[Records to use — start]
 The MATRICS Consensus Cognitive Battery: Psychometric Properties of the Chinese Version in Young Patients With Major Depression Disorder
[Records to use — finish]
[Records to use — start]
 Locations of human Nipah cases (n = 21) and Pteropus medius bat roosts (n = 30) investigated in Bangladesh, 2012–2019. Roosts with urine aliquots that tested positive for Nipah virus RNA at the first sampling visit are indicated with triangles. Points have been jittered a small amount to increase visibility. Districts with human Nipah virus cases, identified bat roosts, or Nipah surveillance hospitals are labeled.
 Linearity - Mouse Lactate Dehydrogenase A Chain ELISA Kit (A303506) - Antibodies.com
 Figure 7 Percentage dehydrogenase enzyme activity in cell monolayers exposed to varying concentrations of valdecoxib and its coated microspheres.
[Records to use — finish]
> _Task_: Your answer should consist solely of the lines above from the line with "Locations of human" to the line with "Figure 7 Percentage", both included, reproduced exactly.

> _Answer for this exercise_:
 Locations of human Nipah cases (n = 21) and Pteropus medius bat roosts (n = 30) investigated in Bangladesh, 2012–2019. Roosts with urine aliquots that tested positive for Nipah virus RNA at the first sampling visit are indicated with triangles. Points have been jittered a small amount to increase visibility. Districts with human Nipah virus cases, identified bat roosts, or Nipah surveillance hospitals are labeled.
 Linearity - Mouse Lactate Dehydrogenase A Chain ELISA Kit (A303506) - Antibodies.com
 Figure 7 Percentage dehydrogenase enzyme activity in cell monolayers exposed to varying concentrations of valdecoxib and its coated microspheres.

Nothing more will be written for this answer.